TASK OBJECTIVE:
Every line from the one containing "Used 2021 Ford Escape SE image 25" to the end of the data below should be copied exactly, but pictures should not.

DATA SEGMENT:
+ + + + + + +
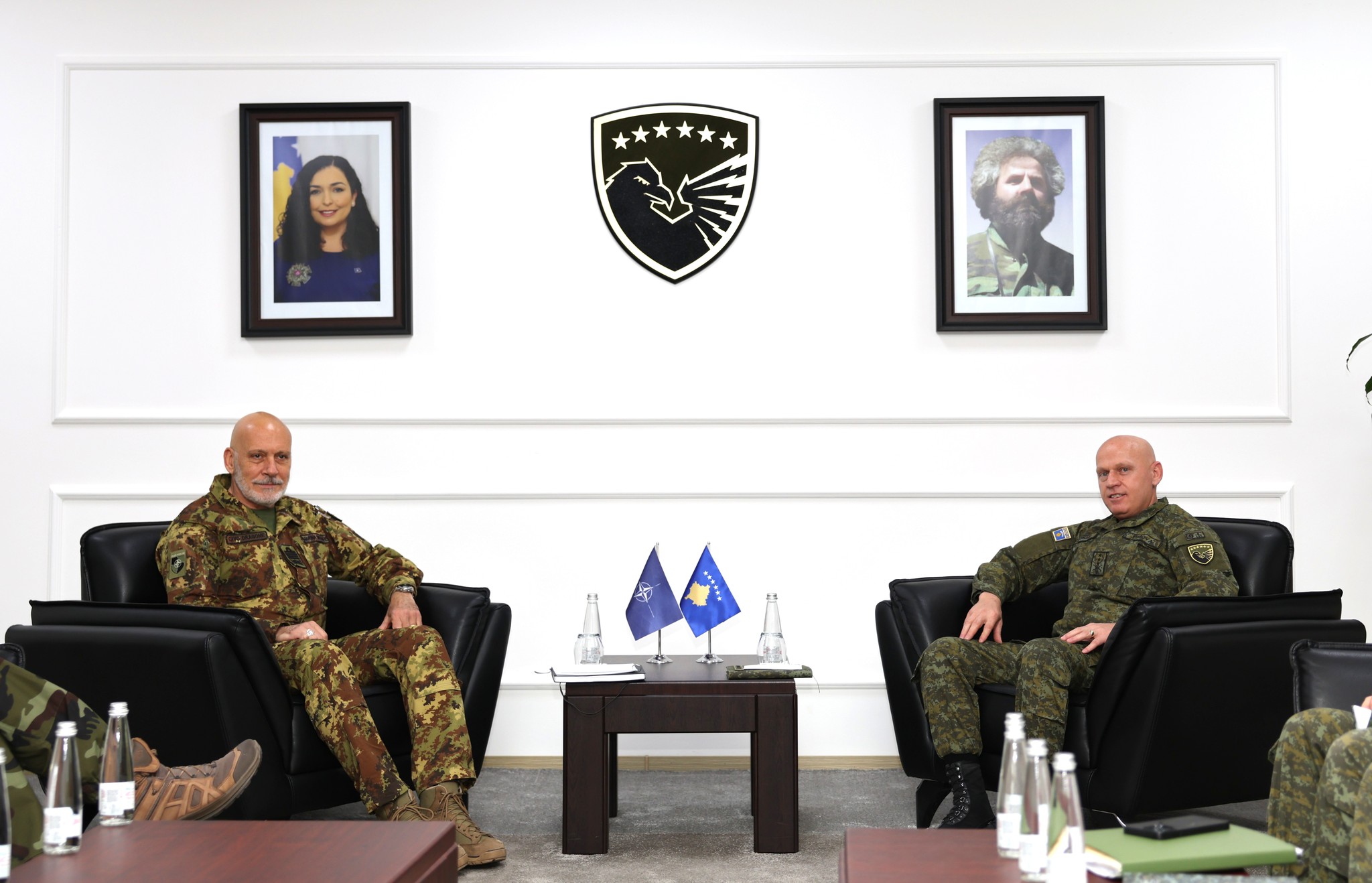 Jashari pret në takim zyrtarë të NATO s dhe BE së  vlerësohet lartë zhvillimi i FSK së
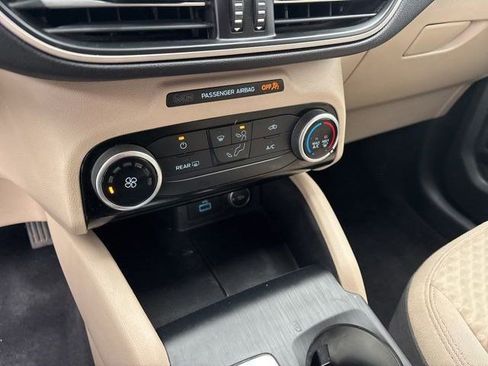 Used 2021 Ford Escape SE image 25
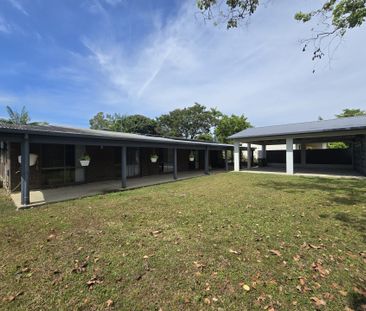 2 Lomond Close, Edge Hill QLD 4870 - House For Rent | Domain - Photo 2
+ + + + + + +
RESPONSE AREA:
 Used 2021 Ford Escape SE image 25
 2 Lomond Close, Edge Hill QLD 4870 - House For Rent | Domain - Photo 2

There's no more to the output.